# National parks portrayed on a subway map



## CHamilton (Aug 4, 2012)

Wouldn't this be fun if it really existed!







From Facebook

There's actually a good book on the history of trains and national parks:

Trains of Discovery: Railroads and the Legacy of Our National Parks


----------



## AutoTrDvr (Aug 4, 2012)

But where are the connections points "outside" the system? Ya have to "get on/off" from somewhere, right?


----------



## CHamilton (Aug 4, 2012)

AutoTrDvr said:


> But where are the connections points "outside" the system? Ya have to "get on/off" from somewhere, right?

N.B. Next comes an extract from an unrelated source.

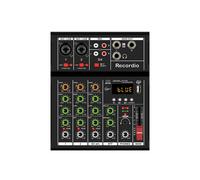 GAX-A4 Console DJ Digitale Portatile Professionale con Bordo Mixer USB Mixer Audio un 4 Canali per Canto Dal Vivo Nero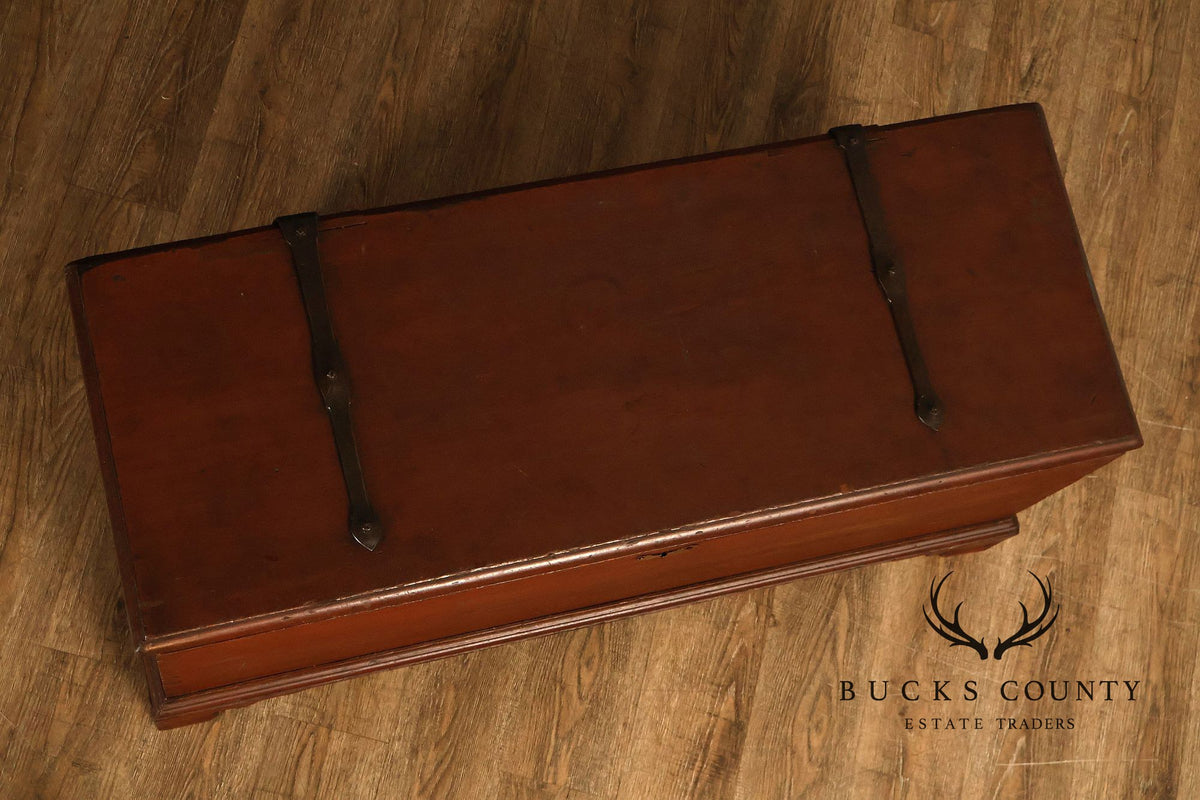 Antique Red Painted Cedar Blanket Chest With Cast Iron Strapping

Looks like the map is incomplete.  There should definitely be connections in several places, including Seattle's Klondike Gold Rush National Historical Park, and New York's Statue of Liberty National Monument, among many others.


----------



## the_traveler (Aug 4, 2012)

Even that "map" doesn't show the SL-East! It gets no respect at all!


----------



## Texan Eagle (Aug 4, 2012)

The "Yellow line" subway trains better have sleepers and dining car... Alaska to Hawaii is a little bit too long in coach.


----------



## the_traveler (Aug 4, 2012)

And a few real dome cars - not SSLs! I want to get a good look at the fish that will be served for dinner that night!



And then the "*PACIFIC* Parlour Car" can really be a PPC!


----------



## Brian Foley (Aug 6, 2012)

In this map we stuck with parks only and left out national monuments, forests, and historical trails that the NPS look after. -- Brian Foley, Sierra Club.


----------



## fairviewroad (Aug 6, 2012)

They left out the Virgin Islands National Park and the National Park of American Samoa.

Perhaps these are served by a "Thruway Boat" connection.


----------